What the task asks:
All of the data should be output character for character, except the pictures.

======

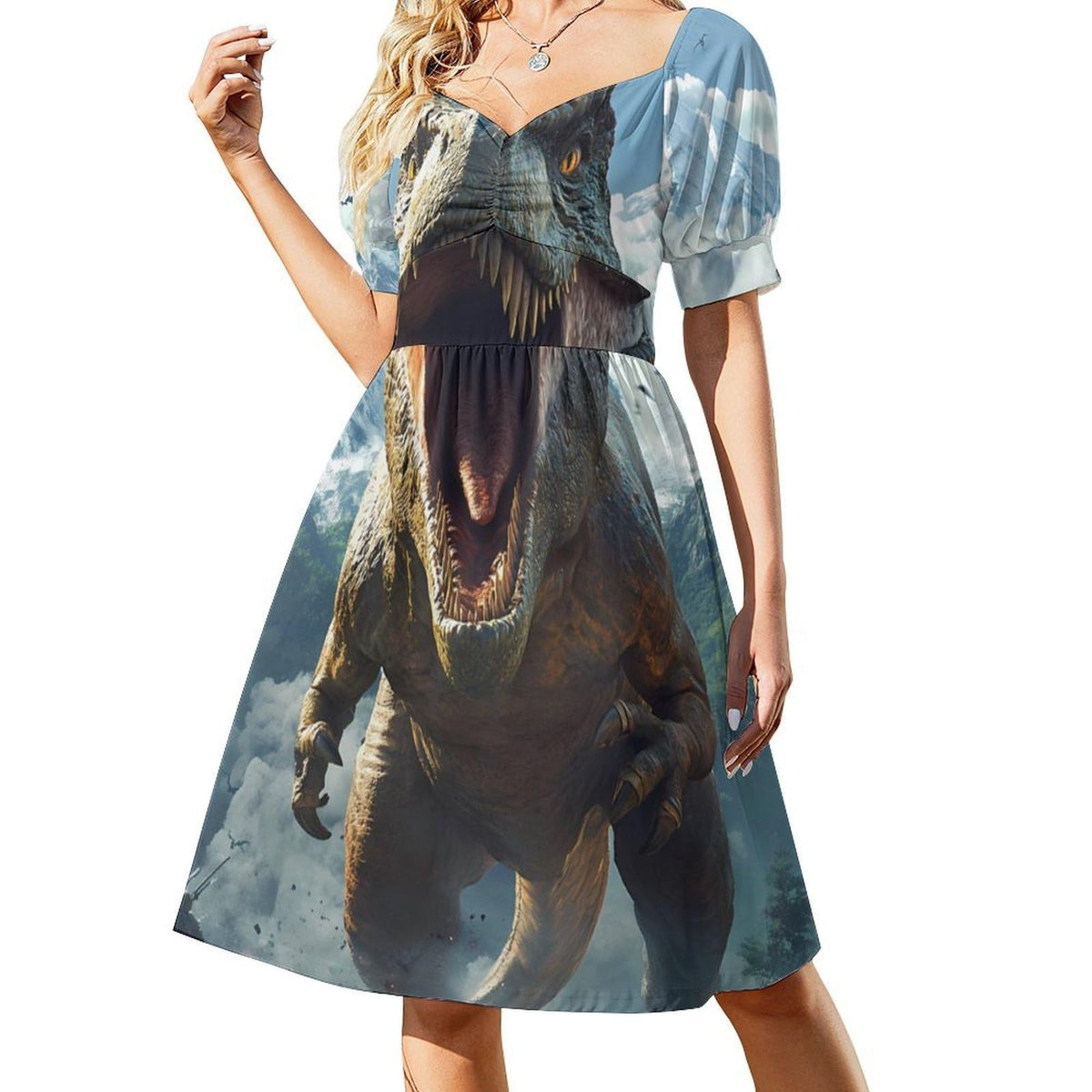 d'été courte à manches courtes style western pour femme, motif dinosaure et guerre humaine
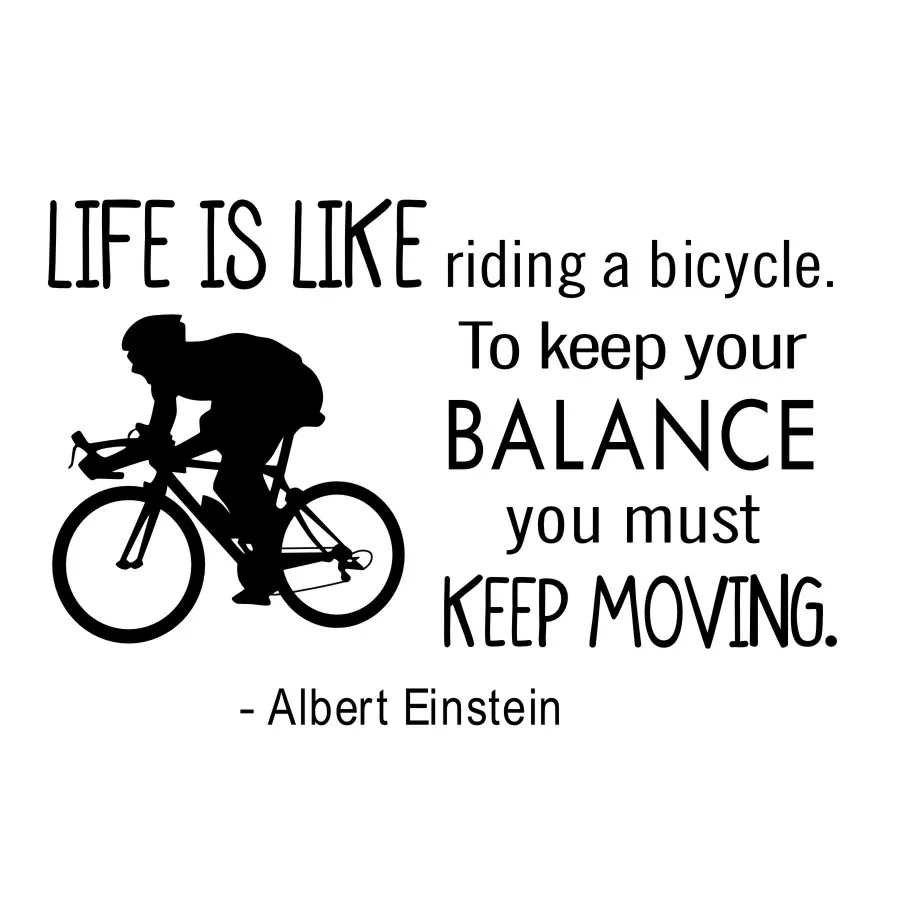 Free Shipping Motivation Quotes Life Is Like Riding A Bicycle Balance Wall Stickers Home Decor Living Room Vinyl Adhesive Decals in Wall Stickers from Home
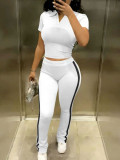 Stripe Short Sleeve Two Piece Pants Set HNIF-SY037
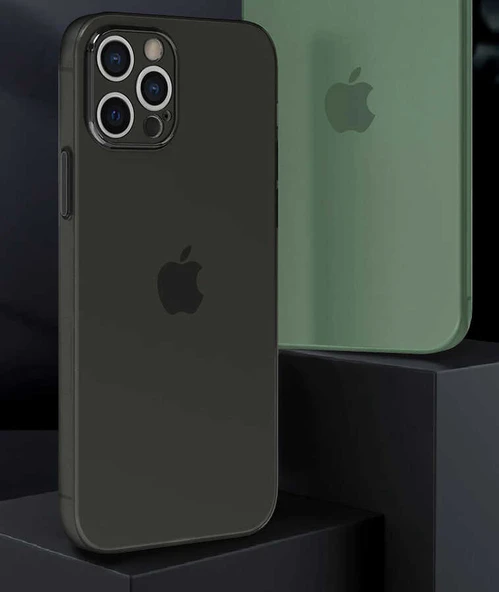 iPhone 12 Pro Kılıf ​​mnc Tiny Kapak-Siyah - Resim 2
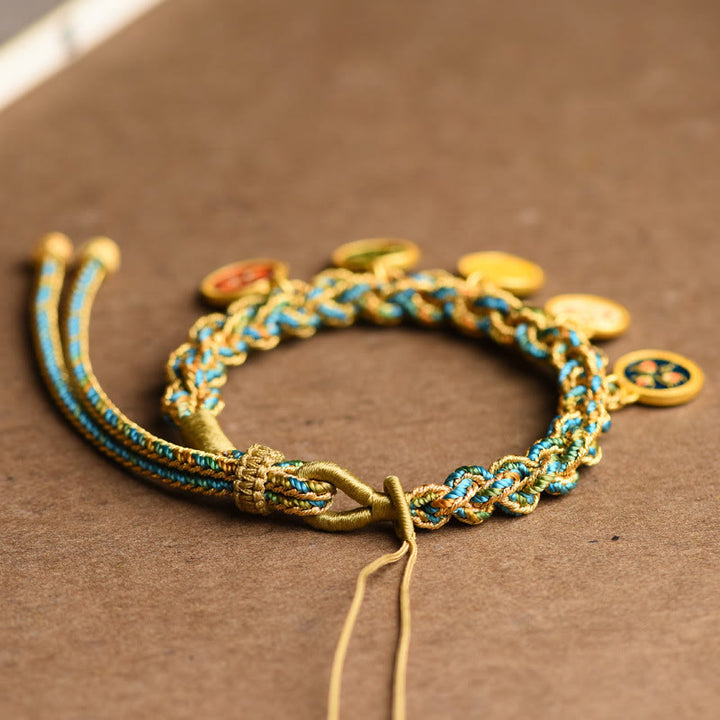 Buddha Stones Tibetan Five God Of Wealth Luck Handcrafted Braid String Bracelet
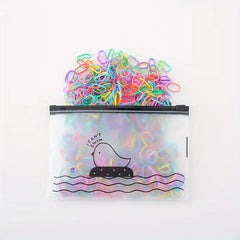 1000pcs Candy Rubber Band Elastic Hair Tie Colorful Disposable Hair Rope
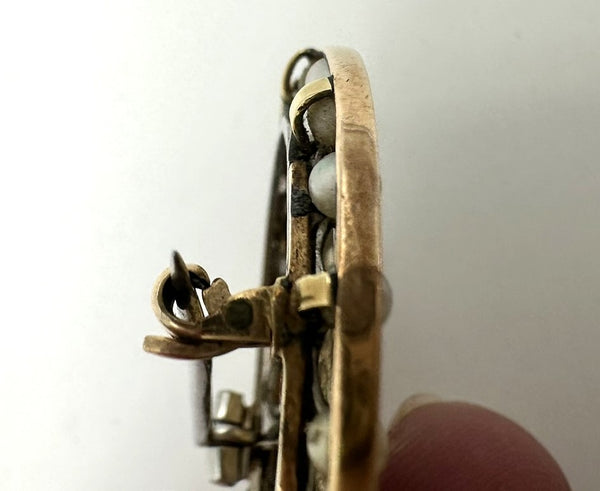 Antique Golay Fils & Stahl 18k, Enamel Portrait Brooch with Diamonds and Pearls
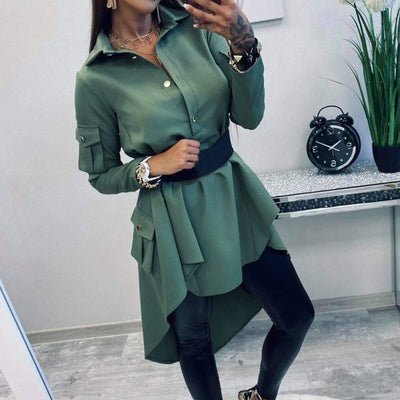 Vestido Camisero Asimétrico de Manga Larga para Mujer - Image 3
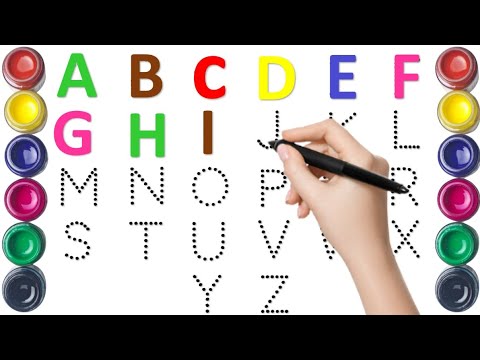 A to Z, Kids rhymes, collection for writing along dotted lines for toddler, Alphabet, ABC song, ABCD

======

Answer box:
 d'été courte à manches courtes style western pour femme, motif dinosaure et guerre humaine
 Free Shipping Motivation Quotes Life Is Like Riding A Bicycle Balance Wall Stickers Home Decor Living Room Vinyl Adhesive Decals in Wall Stickers from Home
 Stripe Short Sleeve Two Piece Pants Set HNIF-SY037
 iPhone 12 Pro Kılıf ​​mnc Tiny Kapak-Siyah - Resim 2
 Buddha Stones Tibetan Five God Of Wealth Luck Handcrafted Braid String Bracelet
 1000pcs Candy Rubber Band Elastic Hair Tie Colorful Disposable Hair Rope
 Antique Golay Fils & Stahl 18k, Enamel Portrait Brooch with Diamonds and Pearls
 Vestido Camisero Asimétrico de Manga Larga para Mujer - Image 3
 A to Z, Kids rhymes, collection for writing along dotted lines for toddler, Alphabet, ABC song, ABCD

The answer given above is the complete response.